Pasó por alto la regla número tres: siempre confía en tus intuiciones.

Le guiñó un ojo, se giró y entró en el cuarto de baño con un paso de vals.

Después de asearse, Sadie abrió el bolso para sacar el maquillaje y vio que en su teléfono móvil estaba encendida la luz intermitente de los mensajes. Normalmente, ignoraba los mensajes mientras trabajaba, pero en la pantalla vio el número de Bridget. Eran tres mensajes, y todos eran de ella. Sadie deseó que no hubiera ocurrido nada grave e introdujo su contraseña para escucharlos.

– Por favor, Sadie, por lo que más quieras, sal de ahí en cuanto puedas. No confío en ese tipo. Acabo de hablar con el juez y me ha dicho que no ha recomendado a nadie. Lamento no haberlo verificado antes, pero pensé que… es todo culpa mía. Estoy muy, muy preocupada… ¿Recuerdas esa advertencia de los polis de la que te hablé? -preguntó, sin aliento-. Dile que tu madre ha muerto y que tienes que irte y que le devolveremos el dinero, ¿vale? Por favor, llámame en cuanto puedas. Por favor.

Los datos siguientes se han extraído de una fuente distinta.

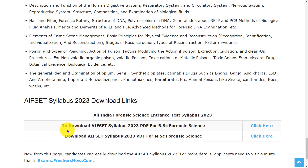This is all about the syllabus and exam pattern of AIFSET 2023. If you want to download, we have provided the link in the description, you can go through it. Hope this video is useful for you. Thank you for watching. Please do like, share and subscribe.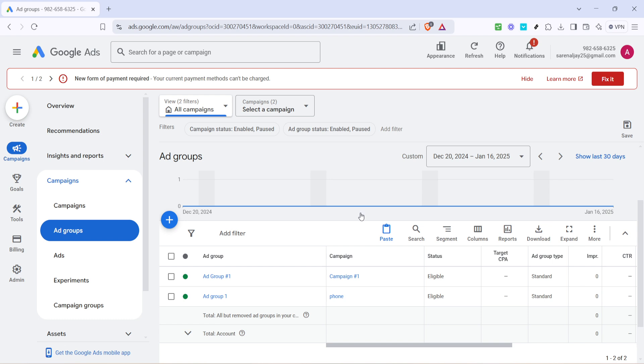It's crucial to take your time filling in this information, as it directly influences the success of your ads. The name should be descriptive enough for you to understand what the ad group pertains to, even after some time has passed. Consider your keywords carefully. They should be relevant to your ads and the audience you aim to attract.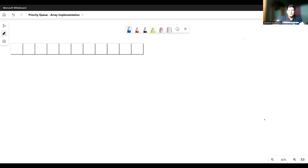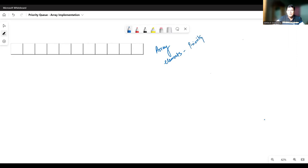We will see how the array implementation of priority queues works for two different scenarios. To understand the priority queues, let's say we have an array that has no elements at the beginning, and we are going to insert elements into this array. We are considering that whatever is the element, the same reflects the priority. In practical scenarios this may not happen, but in our taken example, we will consider that the element value equals the priority.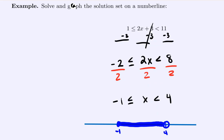Those are the different problem types from this section — combining algebra with inequalities. Get started on the textbook homework, and if you have questions, send messages through Canvas or virtual office hours. Take the first attempt of your section quiz; if you miss anything, seek help before taking the second attempt, as long as you start within the deadline.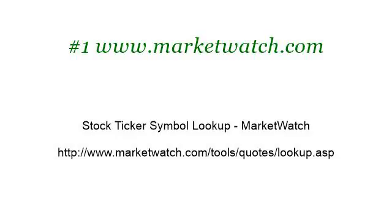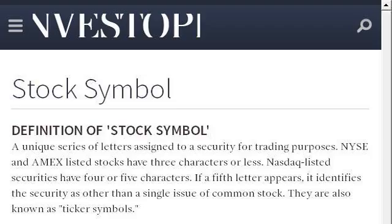You can also try www.investopedia.com, especially the page 'Stock Symbol Definition — Investopedia.' Here's the link.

Sadie sintió que se le desbocaba el corazón. Nunca había oído a Bridget tan asustada. A Bridget, la mujer con más clase, más tranquila y más correcta que conocía.

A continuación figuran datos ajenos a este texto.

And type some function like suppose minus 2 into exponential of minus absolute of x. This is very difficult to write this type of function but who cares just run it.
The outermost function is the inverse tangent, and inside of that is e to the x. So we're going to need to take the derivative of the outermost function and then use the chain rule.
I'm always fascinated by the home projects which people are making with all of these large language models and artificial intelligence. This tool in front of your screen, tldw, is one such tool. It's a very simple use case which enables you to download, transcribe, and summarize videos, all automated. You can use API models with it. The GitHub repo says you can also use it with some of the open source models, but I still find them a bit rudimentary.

Miró a su alrededor. El cuarto de baño. No había salida. Estaba a punto de perder la calma y devolvió el teléfono al bolso con mano temblorosa. ¿Funcionaría la mentira? No veía otra salida. No podía llegar y salir sin más.

Pero él le había mentido acerca de Vern. Incluso habían hablado del juez durante la cena, y Barker se expresaba como si fueran grandes amigos. Eso exasperó a Sadie. Algunos hombres, como su padrastro y ese cabrón de Barker, creían que podían manipular a las mujeres para que hicieran lo que quisieran porque pensaban que las mujeres eran estúpidas.

Sadie era cualquier cosa menos estúpida.

Se armó de valor. Le diría al señor Barker, si así se llamaba, que la broma había acabado y que ella se marchaba. Abrió de un tirón la puerta del cuarto de baño, cruzó la habitación y se dirigió al salón de la suite.

– ¿Señor Barker? Lo siento, pero…

Una mano enorme le tapó la boca y ella se resistió.

– Has tardado demasiado hablando ahí dentro -le dijo al oído una voz grave y amenazante, una voz que no se parecía en nada al acento con que Barker le había hablado durante la noche.

Sadie luchó, consciente de que era muy posible que en ello le fuera la vida. El aviso acerca de un asesino en serie que andaba buscando prostitutas le vino a la cabeza como un vago recuerdo.

Nunca pensó que le ocurriría a ella.

Algunos de sus clientes se ponían un poco rudos, y ella no tenía reparos en recurrir a sus conocimientos en artes marciales para tenerlos a raya. Pero esto era diferente. Barker utilizaba la fuerza bruta, y lo hacía para anularla.

Sintió algo metálico que le rozaba la muñeca, y luego un «clic» cuando las esposas se cerraron. Sus instintos le hicieron ver una realidad pavorosa. ¡No! No podía dejar que la dominara.

Se resistió y luchó. Recordando su entrenamiento en defensa personal, utilizó la fuerza de él en su contra. Lanzó una patada hacia arriba y hacia atrás y, cuando le dio en los testículos, él aulló de dolor. La empujó contra el suelo. Al tropezar y caer, intentó incorporarse, pero él le propinó un puñetazo.

– ¡Puta! -exclamó, y volvió a pegarle.

Ella se retorció y él le cogió el brazo con la esposa colgando de la muñeca. Por el rabillo del ojo, Sadie vio la lámpara de pie. Intentó agarrarla y con los dedos rozó la base, pero no lo suficiente para cogerla.